July 24 (Bloomberg) -- American Apparel Inc., the controversial clothing chain that has battled sexual-harassment lawsuits, named the first woman to its board as part of a shake-up following the ouster of its founder last month.
Colleen Brown, 55, a longtime media executive who now serves as managing director of Newport Board Group, is one of four new directors named to American Apparel’s board, according to a regulatory filing yesterday. Joseph Magnacca, RadioShack Corp.’s chief executive officer, also was appointed.
The move adds fresh perspectives to a company known for its racy advertising and sexually charged culture. American Apparel founder Dov Charney, who was replaced as CEO last month, has been sued for harassment and admitted to having consensual sexual relationships with staff.
American Apparel declined 0.9 percent to $1.08 at the close in New York. The shares have gained 69 percent since June 18, when Charney was ousted.
Brown has had a long career in the media industry. She served for eight years as CEO of Fisher Communications Inc., a group of television and radio stations, before selling the company to Sinclair Broadcast Group Inc. in 2013 for about $340 million.
American Apparel, already struggling to revive a business that lost $270 million since 2010, has been in turmoil since the board replaced Charney, setting off a battle for control of the company. The board reshuffling is part of an agreement with Standard General LP, a New York-based hedge fund that put together a rescue financing deal for the retailer. The two co-chairmen from the existing board are staying, while the other remaining directors are resigning.
Under the agreement, Standard General had the right to name three directors, including an employee who turned out to be one of its partners, David Glazek. The hedge fund also chose Thomas Sullivan, a long-time director who now serves on the board of Media General Inc.
Standard General has other ties to Media General. Soohyung Kim, Standard General’s CEO, serves on Media General’s board, and the firm is the media company’s largest investor with a 30 percent stake. Standard General has the right to name one more director to American Apparel’s board, bringing the total to seven.
Brown and Magnacca, 52, were jointly chosen by Standard General and the board. Magnacca, Brown and Sullivan were deemed independent directors in the filing. Standard General also has a connection to Magnacca. The fund is the largest investor in RadioShack, the electronics chain he’s trying to turn around, with about a 10 percent stake.
Charney, meanwhile, has been fighting to get his job back, saying his termination was illegal and violated his contract. Though he forged an alliance with Standard General, the investment firm isn’t pushing for his return. His fate will be decided by a panel of three directors, who will make their decision about whether to reinstate him based on an investigation by FTI Consulting Inc., which the board enlisted last month.
Charney, who also had served as the chain’s chairman, was suspended for misconduct on June 18. His alleged infractions included misusing company funds and assets and retaliating against a former employee who sued him for harassment, a person familiar with the situation has said. Charney’s lawyer has called the board’s reasons for his ouster baseless.
As part of the Standard General accord, the hedge fund committed as much as $25 million in capital, helping American Apparel pay off debt and improve its finances. Standard General already used $10 million of the money to buy a high-interest loan that was deemed in default by the lender.
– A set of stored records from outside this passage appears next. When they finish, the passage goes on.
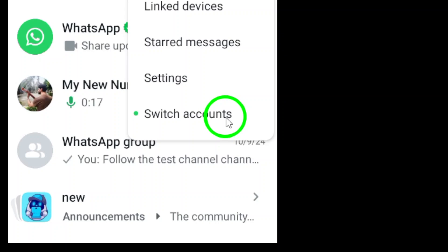If you've already added your second account, you'll see it listed here. Just tap on the account you want to switch to and WhatsApp will handle the rest. It's as simple as that.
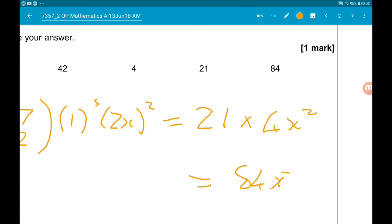That gives us 84x squared, so the coefficient is 84.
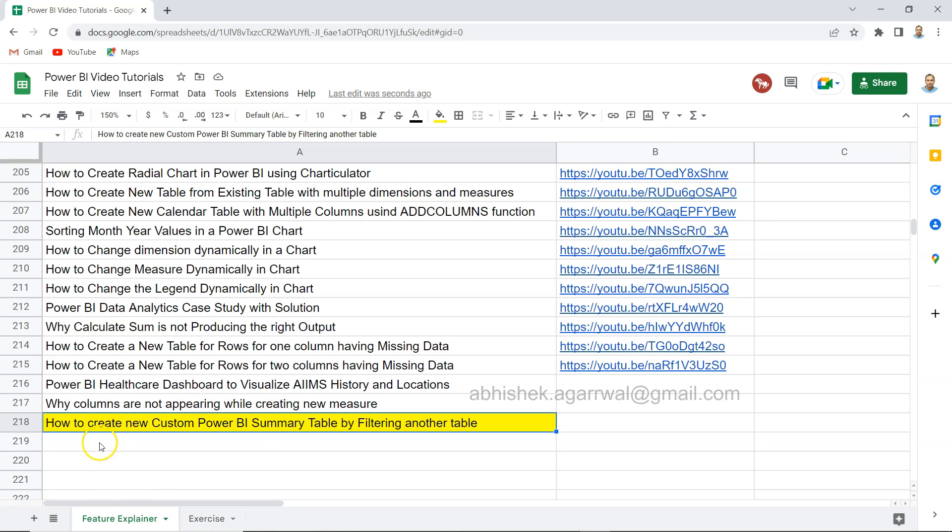Hello and welcome to the new Power BI tutorial video. In this video I will show you how you can create a new custom Power BI summary table by filtering another table.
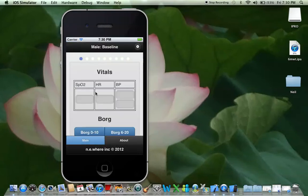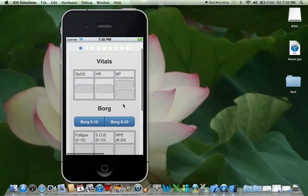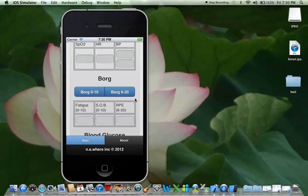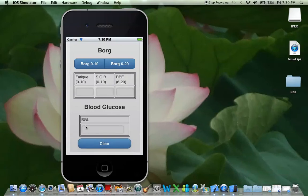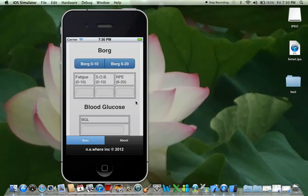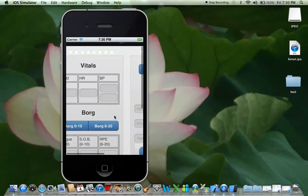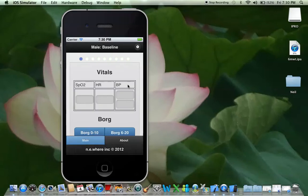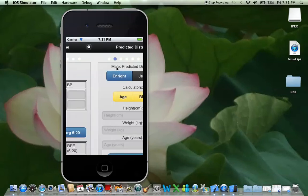You can press either back button and it'll come back to wherever you were. You've also got your blood glucose level here if needed. Looking at this first page, you've got the dots which indicate which step or page you're on. I can't swipe back because there's no previous pages, but I can swipe to the next page.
Under Charney, the chain drew flak for ads showing half-dressed young women in alluring positions. One of the company’s New York stores recently featured mannequins with pubic hair.
The sexual imagery -- coupled with the company’s commitment to domestic manufacturing -- has set the chain apart from other brands, American Apparel Co-Chairman Allan Mayer said in a Bloomberg Businessweek interview.
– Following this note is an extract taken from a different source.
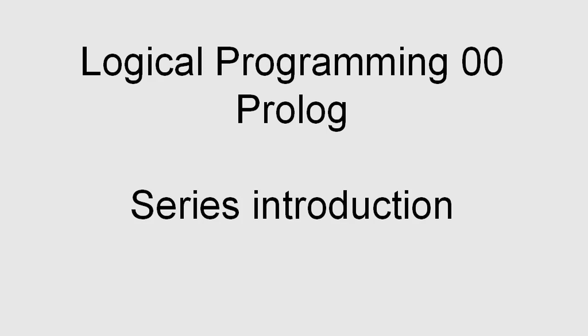Hello, this is the introduction video for the series about logical programming, or in specific, Prolog. There are already a lot of videos and tutorials out there. Why do I make another series?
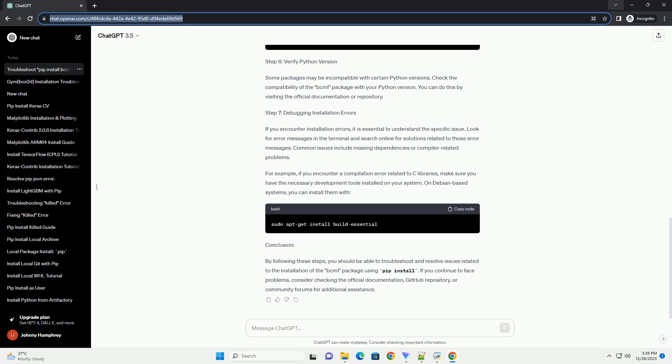Step 2: Verify Internet Connection. A stable internet connection is crucial for downloading and installing packages. Ensure that your internet connection is active and reliable.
“If you took out the sex, it would be kind of boring. And if you took out the idealistic component -- our commitment to the sweatshop-free, made-in-USA philosophy -- it would just be sleazy,” he said. “But you put them together, and you have something that’s interesting. It’s edgy, but it’s also strangely wholesome at the same time.”
American Apparel was also questioned by the Securities and Exchange Commission over its disclosure practices. The regulator’s queries about its annual 10-K filing for 2013 included asking the retailer to say when it had deficient liquidity and how it would be improved, according to a letter from May 23.
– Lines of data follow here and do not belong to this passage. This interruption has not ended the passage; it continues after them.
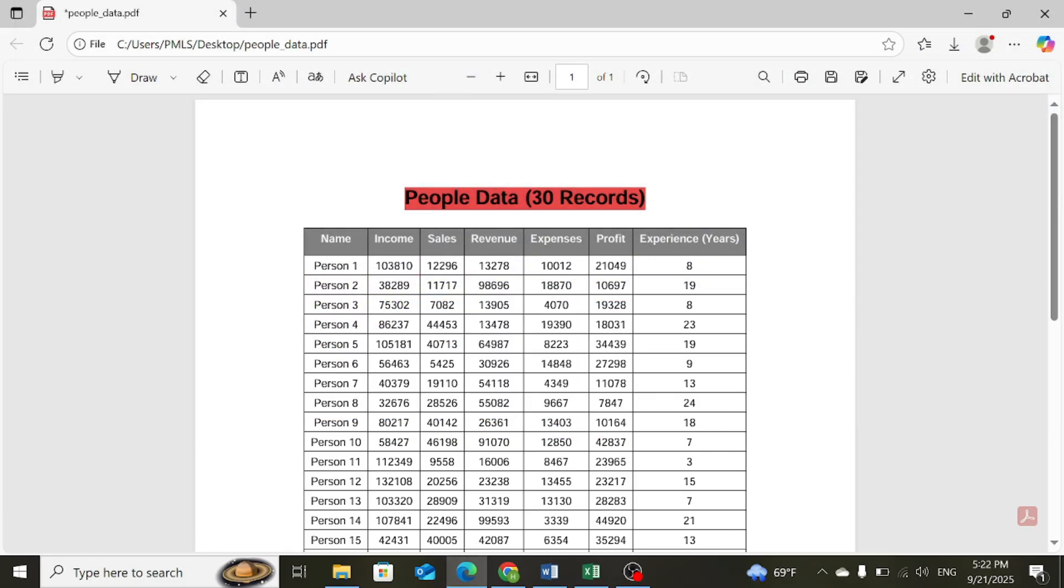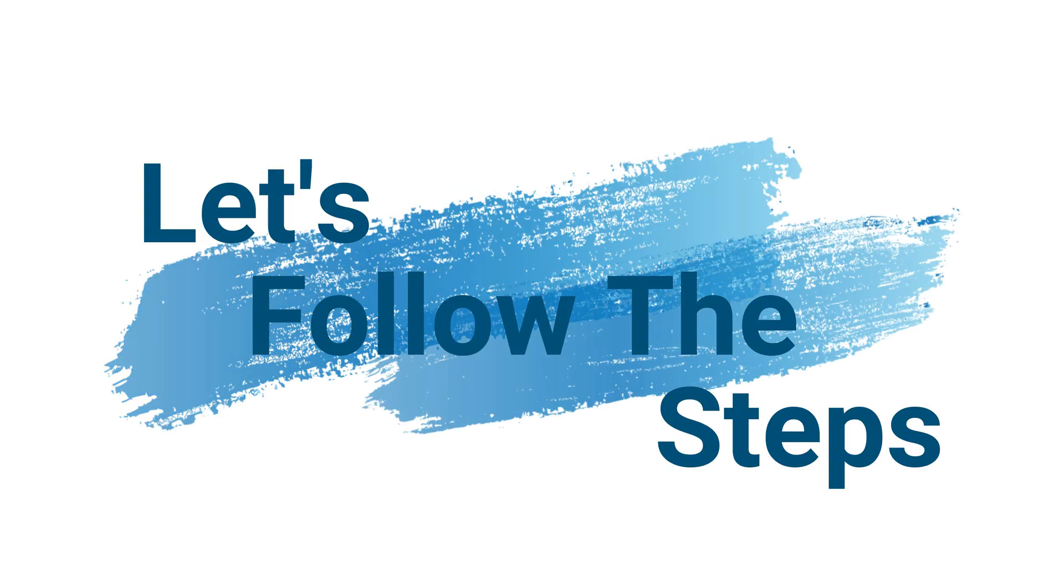This is my PDF file about the employee's record, consisting of data in a tabular format, and I want to convert it into Excel. So how to do it? Let's follow the steps.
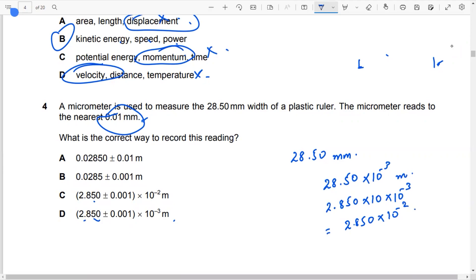Similarly, the precision is 0.01 mm. If you look at it, it will be 28.50 into 10 to the power of minus 3. Multiplying through, option C is the most suitable answer.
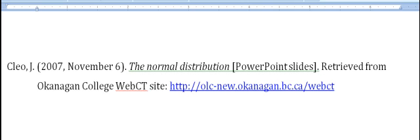This is an example of how to cite lecture slides. You must include your professor's name, the date of the lecture, the title of the slide or lecture and the format, which in this case is PowerPoint slides, as well as where you got it.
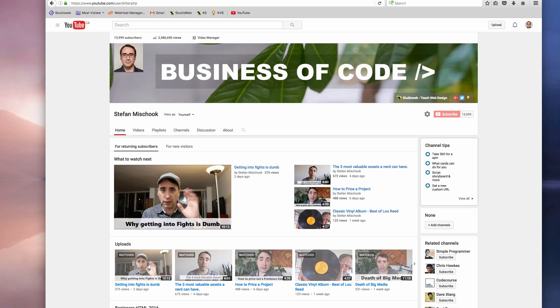So I decided to try to do almost daily vlogs since July. At the time, I believe I had around 10,000 subscribers.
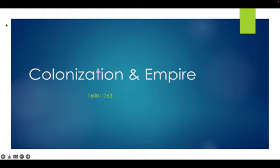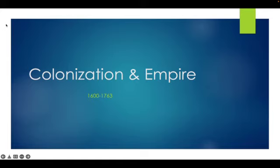Here we begin looking at the colonization of North America, specifically the English colonies that will become the United States after the American Revolution. There is more than a subtle difference between colonization and empire. Colonization really begins as a private effort — a venture of a few gentlemen who come out into the wilderness and attempt to set up colonies, and they were not very successful.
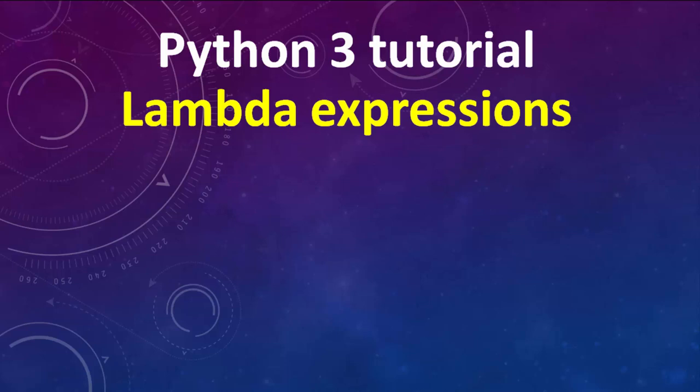Hi everyone, in this tutorial we're going to talk about lambda expressions in Python 3 programming language.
The chain has struggled with its finances for years, forcing it to raise capital several times -- most recently in March. It also has sought amendments to credit agreements to avoid default.
American Apparel responded to the SEC on June 6, saying that it would address any material weakness to liquidity in future filings and a course of action to fix it. The SEC commented on six other topics ranging from how the chain defines an underperforming store to wanting better disclosures of when loan covenants are violated. The SEC completed the review on June 25.